Der Begriff der Evaluation steht hier für eine Forschungsmaßnahme, die das untersuchte Programm über viele Jahre hinweg begleitet und dabei Erkenntnisse für dessen kontinuierliche Weiterentwicklung hervorbringt. Sie trägt also – ebenso wie die Aktionsforschung oder die Entwicklungsorientierte Forschung – deutlich iterative Züge (vgl. Gess et al. 2014). Und da die drei Forschungsansätze zugleich die große Vielfalt an möglichen methodischen Vorgehensweisen teilen, bietet sich einmal mehr der Blick auf die Rollen der Akteurinnen und Akteure an, um sie voneinander zu unterscheiden: evaluierende Forschende bewerten zwar ein Programm, aber sie sind im Unterschied zur Entwicklungsorientierten Forschung und auch zur Aktionsforschung nicht an dessen Gestaltung beteiligt. Mit dieser Definition ist zweifellos ein häufig anzutreffendes Wesensmerkmal von Evaluationen in pädagogischen Kontexten erfasst. Sie greift jedoch für die vorliegende Studie zu kurz, weshalb ich in diesem Abschnitt unser Verständnis der Evaluation und ihrer Funktion im Projekt vor dem Hintergrund der theoretischen Diskussionen zu diesem Forschungsansatz verdeutlichen möchte.

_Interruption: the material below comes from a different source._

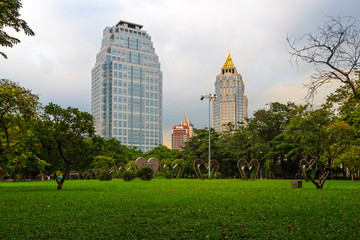 Fototapeta premium Tropical trees and lawn with skyscrapers in the background in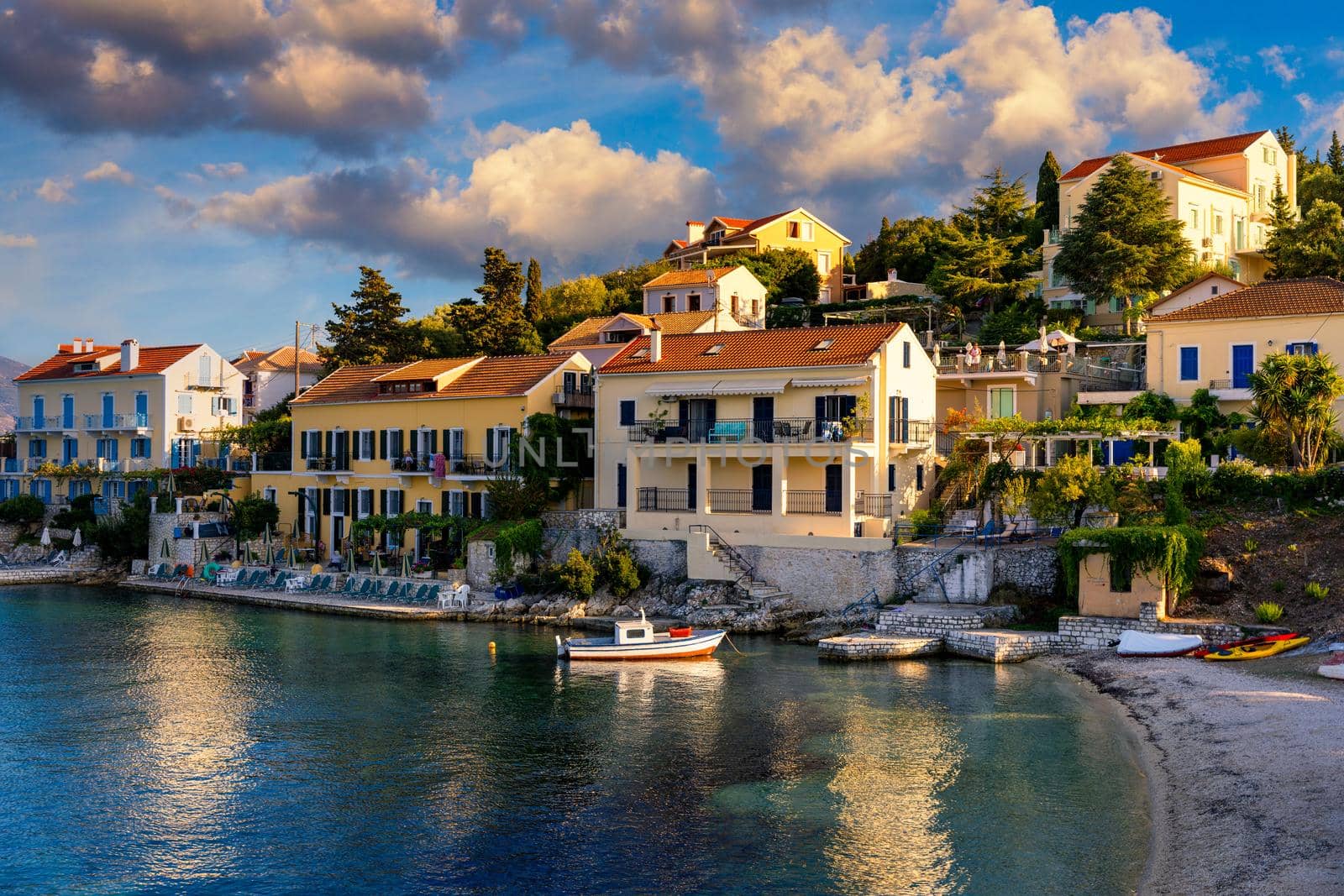 Fiskardo village, Kefalonia island, Greece. Fiscardo on the Island of Kefalonia in Greece. The holiday destination. Beautiful beach in Fiskardo, Kefalonia, Greece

Zwei Prämissen sollten jeder Programmevaluation zugrunde liegen: Zum einen die Gewissheit, dass es kein objektives Maß für den Erfolg pädagogischer Unternehmungen geben kann – also keine „Qualität alles in allem“, wie Kromrey (2006:251) es beschreibt; und damit zum anderen das Wissen darum, dass jede Aussage über die Qualität eines Programms das Nachdenken über Sinn und Zweck der untersuchten Lehr- und Lernprozesse voraussetzt. Ohne engen Bezug zu curricularen Überlegungen fehlt einer Evaluation also der Dreh- und Angelpunkt.

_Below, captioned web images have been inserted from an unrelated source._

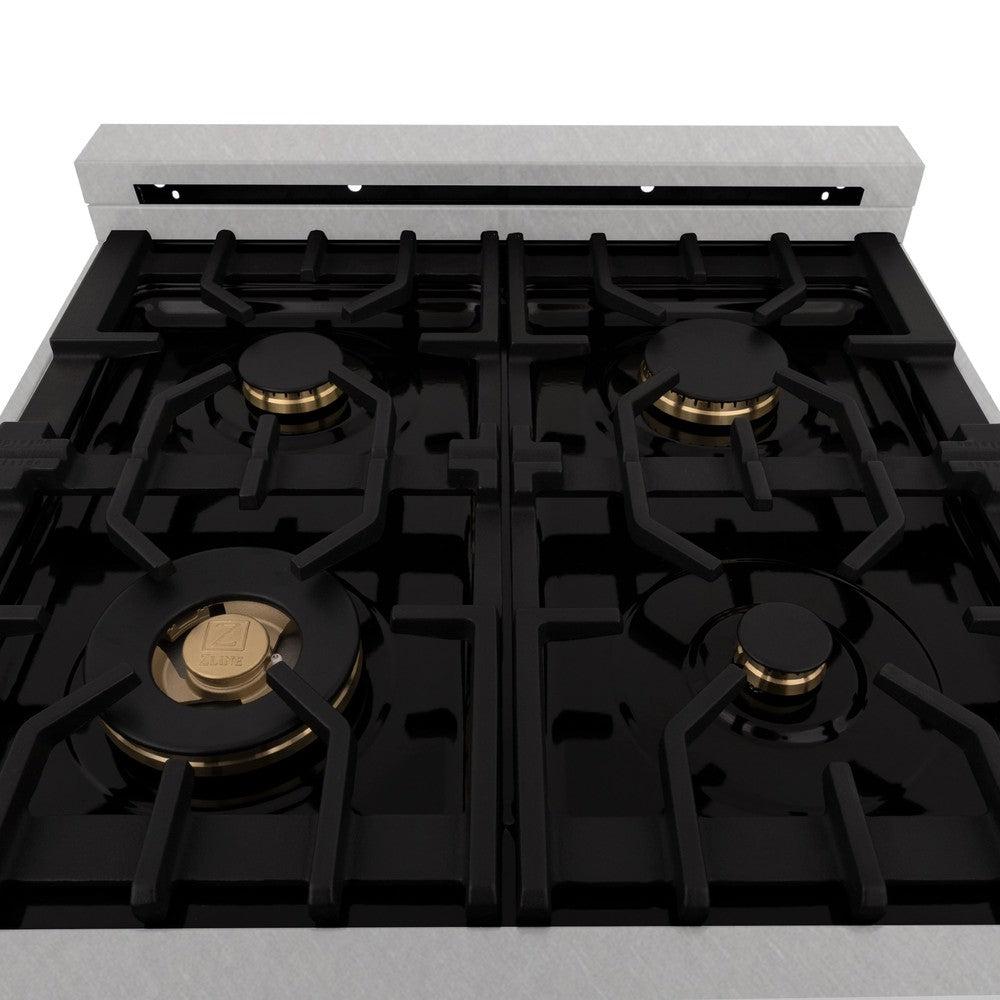 ZLINE brass burners on black porcelain cooktop with cast-iron grates.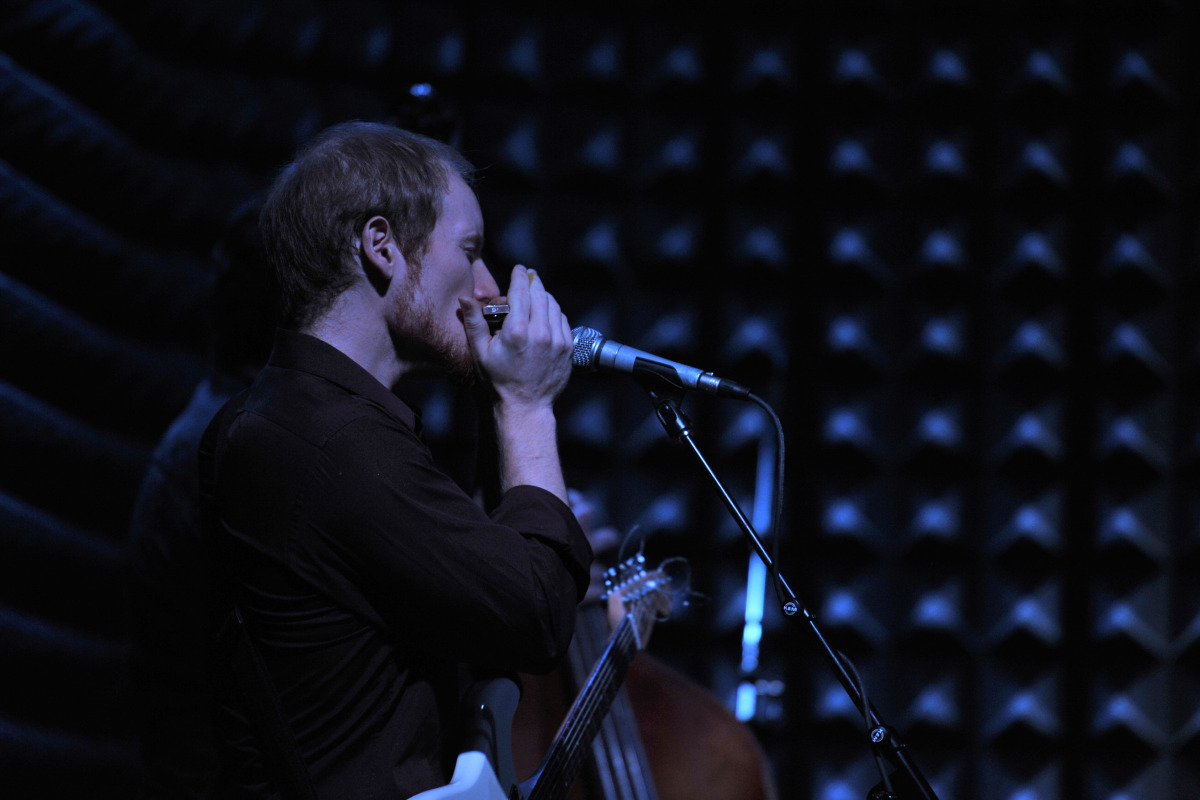 Chris at Joes Pub with harp.jpg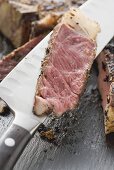 Slice of spicy rib eye steak on knife (close-up)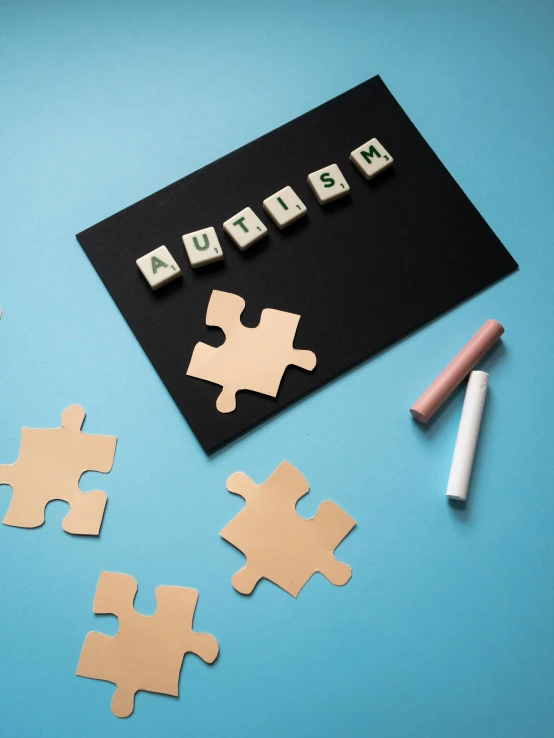 a piece of puzzle sitting on top of a table, blackboard, product photograph, dementia, flatlay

Die in einem Curriculum festgehaltenen Bildungsziele entspringen pädagogischen Werturteilen, sind mithin also immer normativer Natur. Aus ihnen wird ersichtlich, welches Bild die für die Programmgestaltung Verantwortlichen von den Lernenden haben und welche Entwicklungen und Lernprozesse sie sich von ihnen erhoffen. Auch ihre Vorstellungen über die Natur des Unterrichtsgegenstandes und seine Bedeutung im Bildungsprozess werden deutlich. Nicht zuletzt lassen sich Rückschlüsse über ihre Annahmen von erfolgreichem und effektivem (Fremdsprachen)Lernen ziehen. Und selbst wenn das Curriculum eines Programms all diese Punkte ausspart und sich auf die Angabe von Unterrichtszeiten, Lerngruppengrößen, zu bearbeitenden Lehrwerken und Prüfungsformaten beschränkt, wie es im Fall des Deutschunterrichts an japanischen Universitäten häufig der Fall ist, kommen diese Werturteile implizit zum Vorschein und entfalten als Teil des hidden curriculum im Unterrichtsalltag ihre Wirkung (vgl. Jackson [1969] 2009). In Kap. 2.3 werde ich daher ausführlich auf die curricularen Grundlagen des untersuchten Unterrichts zurückkommen.